Watch your statements and learn what "OPT OUT" means and how to do it right so they don't jack you around too.

Ed


----------



## ClosetPro (Apr 29, 2009)

Ed the Roofer said:


> For those that have not read through this thread, Read It and learn to watch your statements and interest rates.
> 
> It is Not Over, just because Advanta is now in trouble and will eliminate this from their business.
> 
> ...


Careful of libel/slander there Ed.......:shifty:


----------



## Ed the Roofer (Dec 12, 2006)

ClosetPro said:


> Careful of libel/slander there Ed.......:shifty:


*The TRUTH Is The Best Defense.*

Advanta Credit Card operates on the premise to defraud and rip-off their customers, based on my own personal experiences and from viewing the several thousand complaints about them when I did my searching for ways to tell them to shove it up their magnetic strip.
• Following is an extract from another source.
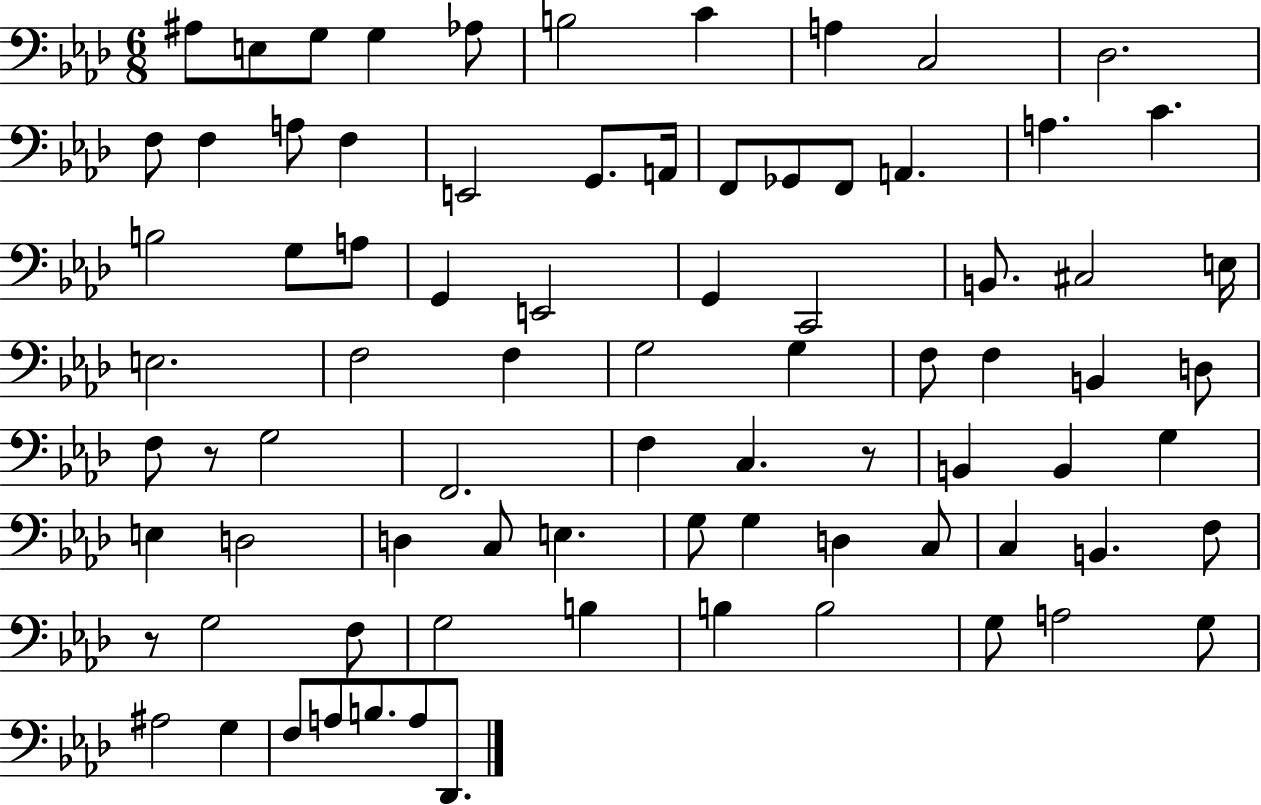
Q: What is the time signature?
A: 6/8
Look for yourself where this thread is placed on Google. It is the 2nd link on Page 1 of Google, when searching:

*Advanta Credit Card Fraud*

http://www.google.com/search?hl=en&...ud&rlz=1R2GGLL_en&aq=8&oq=advanta+credit+card+



It is the 3rd link on Page 1 of Google for:

*Advanta Credit Card Complaints*

http://www.google.com/search?hl=en&rlz=1R2GGLL_en&q=advanta+credit+card+complaints



It is the 8th link of Page 1 of Google when searching for:

*Advanta Credit Card Problems*

http://www.google.com/search?hl=en&rlz=1R2GGLL_en&q=advanta+credit+card+problems


If Advanta Credit Card did not intentionally cause so many problems for their customers. just to be able to siphon off more fraudulent gains, then maybe they wouldn't be in the shape that they are in right now.

Ed


----------



## PFoster (May 19, 2010)

*physical address to Advanta*

Hope this helps! I hate this bank! I am glad they went under!! I have also contacted the BBB.
Advanta Bank Corporation (801) 523-0858 
11850 S. Election Drive Draper. UT 84020



Ed the Roofer said:


> Don't worry guys, I don't get all pizzed off, even when chit like this happens.
> 
> The main thing is I wanted Google to index this post and pop up high on the search engines when someone is searching about Advanta, being a scam, rip off and fraud, per my opinion.
> 
> ...


----------



## ApgarNJ (Apr 16, 2006)

they went belly up and closed my acct. my rate was increased too for no reason. crooks.


----------



## tedanderson (May 19, 2010)

Not to defend those guys but ALL of the credit card companies are doing it. They just have different stipulations that would cause the rate to jump. Some stipulate that if your credit score is below a certain number or drops a certain amount of point within a 3 month period, then they will raise it. Others stipulate that if your debt to credit ratio exceeds a certain percentage, they will bump up your rate. And then my CC had this stupid rule where if you have too little activity on your account, they will bump up the interest rate.

Oh, BTW, if anyone was interested, I know quite a bit about how the credit bureau system works and I'd be glad to answer anyone's questions and give my advice freely. Please understand that I will not endorse any companies that provide these services. I'd just like to share what I know if it can be useful to anyone in this forum.


----------



## mhome (May 23, 2010)

I use to have Advanta for many years but since I always pay my balances in full I wasn't even aware of any problems. At one point about a year ago they send me a letter stating that they are closing their Master Card operations and that American Express is all set up to take over my account, all I had to do is contact AE and I was done.
But we have to stay alert.
Banks are not our friends or partners !!!
They are in business to get to as much money out of us as possible.
I use my check book as often as I can.
Somehow I get a satisfaction not giving them all of my money.


----------